# Acoustic control in a new control room



## Guest (Nov 7, 2006)

Hi,
I'm writing here about sound control, in another thread about sound insulation for the same studio.

We are going to build our new studio (it will be for commercial purposes) and we had a rather low budget, so we decided to design and build acoustic control by ourselves.
I' am an engineer but I hadn't specific experience, so I had to look for docs and study and experiment.
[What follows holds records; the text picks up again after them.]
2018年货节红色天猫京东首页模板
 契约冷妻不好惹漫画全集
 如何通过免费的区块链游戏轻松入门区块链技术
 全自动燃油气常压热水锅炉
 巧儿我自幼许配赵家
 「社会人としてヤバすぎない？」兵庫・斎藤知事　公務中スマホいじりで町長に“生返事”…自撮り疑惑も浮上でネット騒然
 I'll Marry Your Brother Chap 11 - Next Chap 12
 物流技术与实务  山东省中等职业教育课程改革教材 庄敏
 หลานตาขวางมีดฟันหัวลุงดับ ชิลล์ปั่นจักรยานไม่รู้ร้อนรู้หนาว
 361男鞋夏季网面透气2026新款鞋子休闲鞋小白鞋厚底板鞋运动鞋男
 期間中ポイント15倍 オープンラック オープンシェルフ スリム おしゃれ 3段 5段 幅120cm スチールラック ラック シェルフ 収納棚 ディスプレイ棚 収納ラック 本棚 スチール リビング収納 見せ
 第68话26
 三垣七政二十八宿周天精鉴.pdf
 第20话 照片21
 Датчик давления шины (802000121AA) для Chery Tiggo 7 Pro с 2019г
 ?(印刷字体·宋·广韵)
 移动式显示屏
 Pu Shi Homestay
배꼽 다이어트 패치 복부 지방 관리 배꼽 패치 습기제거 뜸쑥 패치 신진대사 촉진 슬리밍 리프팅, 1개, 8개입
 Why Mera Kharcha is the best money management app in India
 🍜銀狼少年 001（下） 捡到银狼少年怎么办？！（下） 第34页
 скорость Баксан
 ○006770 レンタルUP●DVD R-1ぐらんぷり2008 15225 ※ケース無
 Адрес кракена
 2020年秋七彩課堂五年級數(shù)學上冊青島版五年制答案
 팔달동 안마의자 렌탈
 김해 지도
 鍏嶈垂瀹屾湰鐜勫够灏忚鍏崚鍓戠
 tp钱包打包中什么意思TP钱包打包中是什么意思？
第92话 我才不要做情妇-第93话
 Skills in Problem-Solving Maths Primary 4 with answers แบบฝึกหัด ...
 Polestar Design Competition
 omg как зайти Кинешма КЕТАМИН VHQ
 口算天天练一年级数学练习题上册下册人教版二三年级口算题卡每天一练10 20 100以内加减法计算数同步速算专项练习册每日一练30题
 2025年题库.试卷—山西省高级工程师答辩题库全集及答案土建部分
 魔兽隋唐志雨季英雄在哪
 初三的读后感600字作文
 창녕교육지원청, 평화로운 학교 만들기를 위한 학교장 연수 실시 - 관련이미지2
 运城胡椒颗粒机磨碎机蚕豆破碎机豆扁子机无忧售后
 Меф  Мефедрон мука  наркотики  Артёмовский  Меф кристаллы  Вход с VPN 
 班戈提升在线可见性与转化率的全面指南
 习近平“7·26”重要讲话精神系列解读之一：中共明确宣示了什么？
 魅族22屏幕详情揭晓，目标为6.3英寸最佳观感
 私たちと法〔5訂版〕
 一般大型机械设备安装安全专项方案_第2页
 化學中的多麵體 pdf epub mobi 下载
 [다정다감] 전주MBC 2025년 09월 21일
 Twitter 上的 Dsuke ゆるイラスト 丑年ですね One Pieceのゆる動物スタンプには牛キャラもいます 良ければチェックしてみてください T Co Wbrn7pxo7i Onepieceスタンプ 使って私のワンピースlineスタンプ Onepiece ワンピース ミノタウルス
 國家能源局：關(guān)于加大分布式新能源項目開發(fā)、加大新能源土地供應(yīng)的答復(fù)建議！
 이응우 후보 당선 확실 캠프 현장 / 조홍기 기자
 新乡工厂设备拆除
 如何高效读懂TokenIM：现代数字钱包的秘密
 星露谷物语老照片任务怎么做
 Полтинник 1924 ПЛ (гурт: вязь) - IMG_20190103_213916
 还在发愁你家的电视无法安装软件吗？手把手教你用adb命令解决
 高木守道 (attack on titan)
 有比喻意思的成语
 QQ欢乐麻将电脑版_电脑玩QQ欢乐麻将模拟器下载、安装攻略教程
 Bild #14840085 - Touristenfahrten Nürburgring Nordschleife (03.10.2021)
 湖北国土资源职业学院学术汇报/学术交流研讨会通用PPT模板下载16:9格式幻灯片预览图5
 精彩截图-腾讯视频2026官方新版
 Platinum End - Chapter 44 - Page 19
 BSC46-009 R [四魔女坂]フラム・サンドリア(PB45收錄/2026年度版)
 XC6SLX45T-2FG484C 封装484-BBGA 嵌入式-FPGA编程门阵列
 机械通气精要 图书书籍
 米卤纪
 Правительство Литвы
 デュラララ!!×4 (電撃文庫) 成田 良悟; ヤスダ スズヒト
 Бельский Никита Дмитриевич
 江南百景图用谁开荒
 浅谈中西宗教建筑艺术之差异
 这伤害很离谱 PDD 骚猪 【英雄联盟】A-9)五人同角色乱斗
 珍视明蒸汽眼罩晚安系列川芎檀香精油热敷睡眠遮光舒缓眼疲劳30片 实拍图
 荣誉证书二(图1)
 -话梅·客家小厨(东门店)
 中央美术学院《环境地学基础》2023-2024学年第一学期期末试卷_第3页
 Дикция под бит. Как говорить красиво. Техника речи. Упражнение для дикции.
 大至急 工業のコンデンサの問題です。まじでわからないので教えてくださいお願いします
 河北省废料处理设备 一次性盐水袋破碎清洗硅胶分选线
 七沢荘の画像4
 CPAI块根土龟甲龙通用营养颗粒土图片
This is how we are going to arrange the room:

- resonant panels
- 1D prime roots diffusers
- 2D prime roots diffusers
- absorbing panels

We will build the resonant panels by means of a wooden frame with rockwool suspended inside and 4mm to 6mm wood ply
Two different kinds for different low frequency bands

1D prime roots diffusers are the ones with several vertical strips each one at a different height (sorry if it is obvious)
2D prime roots diffusers are the ones with many small squares at different heights

absorbing panels are rockwool panels in a wooden frame, covered with fabric and differently spaced from the wall

We are going to place:

- resonating panels near corners
- 1D prd at right and left of listening point
- 2D prd overhead and on the wall behind the listening point
- absorbing panels in some point to be defined while measuring the room response

I've designed the prime roots diffusers, rights souldn't be a concern as long as we don't copy particular solution from patents...

I'll be able to upload some drawings/snapshots in a while on www.skstudio.it

Any comment/advice is very welcome and I'll be happy to answer to any question (as long as I'm able to...). i love internet collaboration...

Quinto


----------